Tiny specialized bugs may help with the expensive and rising tide of toilet flushes in rural Colorado
Tiny specialized bugs may help with the expensive and rising tide of toilet flushes in rural Colorado
By Shanna Lewis · Mar. 5, 2024, 4:00 am
District manager Dave Schneider, at center, discusses potential solutions to update the failing lagoons at the Round Mountain Water and Sanitation District wastewater treatment facility in Westcliffe with consultants Jeff Couch at left and Scott Powell of Powell Water at right in October of 2022.

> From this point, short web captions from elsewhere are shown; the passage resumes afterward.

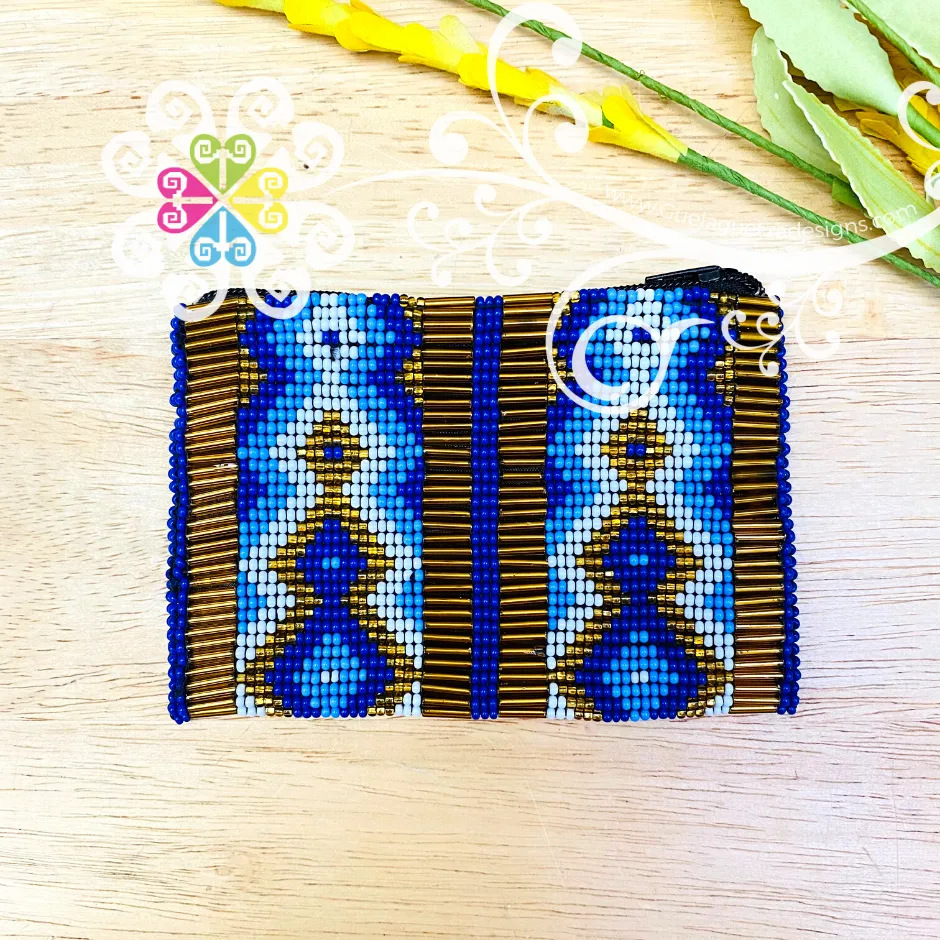 Beaded Coin Purse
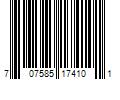 Barcode Image for UPC code 707585174101. Product Name: Nupro All Natural Small Breed Dog  1 Lb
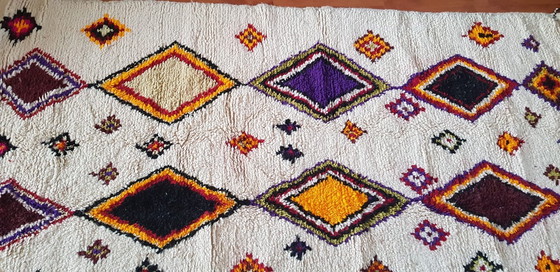 Image 1 of Handgeknoopt Berber kleed wol 250x150cm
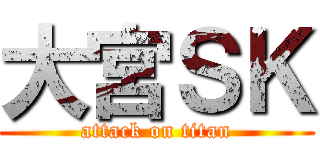 大宮ＳＫ (attack on titan)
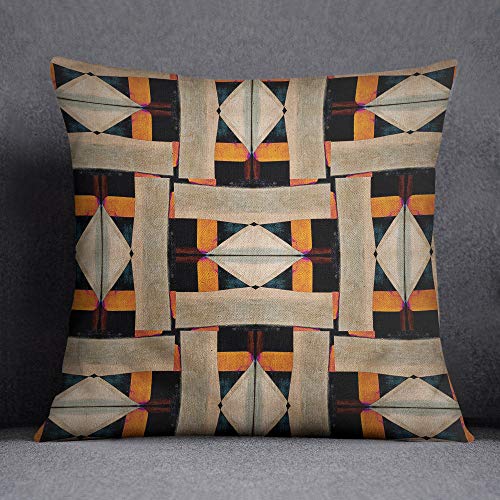 Bonamaison Decorative Cushion Cover, Throw Pillow Case, Size: 45X45 Cm - Designed and Manufactured in Turkey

Hayfields and rugged peaks create a picturesque setting for humming machinery churning up water in three small ponds. These aerators are working to add oxygen to mud-colored wastewater slowly moving through the lagoons.

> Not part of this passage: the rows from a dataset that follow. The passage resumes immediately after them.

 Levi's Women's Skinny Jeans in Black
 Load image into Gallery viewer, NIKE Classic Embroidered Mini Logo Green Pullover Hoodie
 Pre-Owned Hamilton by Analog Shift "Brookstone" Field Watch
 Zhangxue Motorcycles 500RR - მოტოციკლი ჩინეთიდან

The ponds, or lagoons, are a primary element in the wastewater treatment plant at the edge of Westcliffe, a small town in the Wet Mountain Valley, about an hour west of Pueblo.

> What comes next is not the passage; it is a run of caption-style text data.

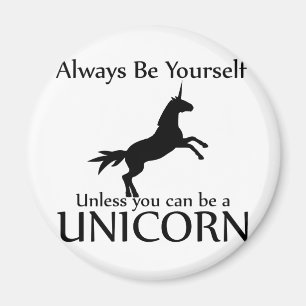 Var dig unicornen magnet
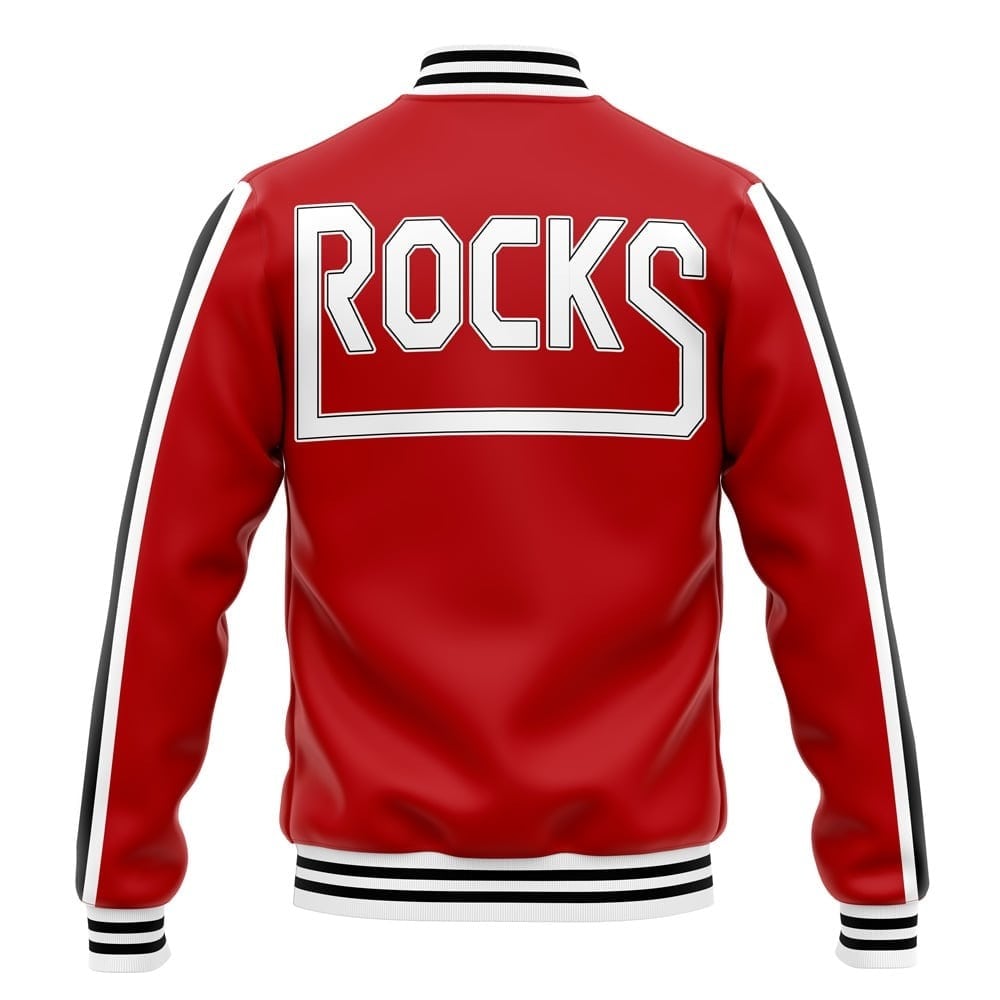 Minami Rocks Varsity Jacket
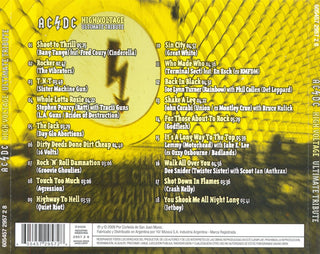 Various : AC/DC High Voltage Ultimate Tribute (CD, Comp)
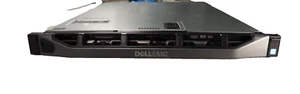 Dell PowerEdge R430 4LFF 1U 1*E5-2630 v3 32gb 4* 2TB SATA HDD H730m 2*PSU Server - Picture 1 of 13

The Round Mountain Water and Sanitation District serves about 1,300 people in both Westcliffe and nearby Silver Cliff. Plumbing in about 700 homes and businesses there connects to the districts wastewater treatment facility. ... The combined population of the two towns in the district's service area has seen some ups and downs since 1970, but is now triple what it was then.
Aerators churn up water in one of the lagoons at the Round Mountain Water and Sanitation District's wastewater treatment facility in Westcliffe (October, 2022)
"It was never meant to treat as much waste as it is," District manager Dave Schneider said. "So the treatment's been compromised."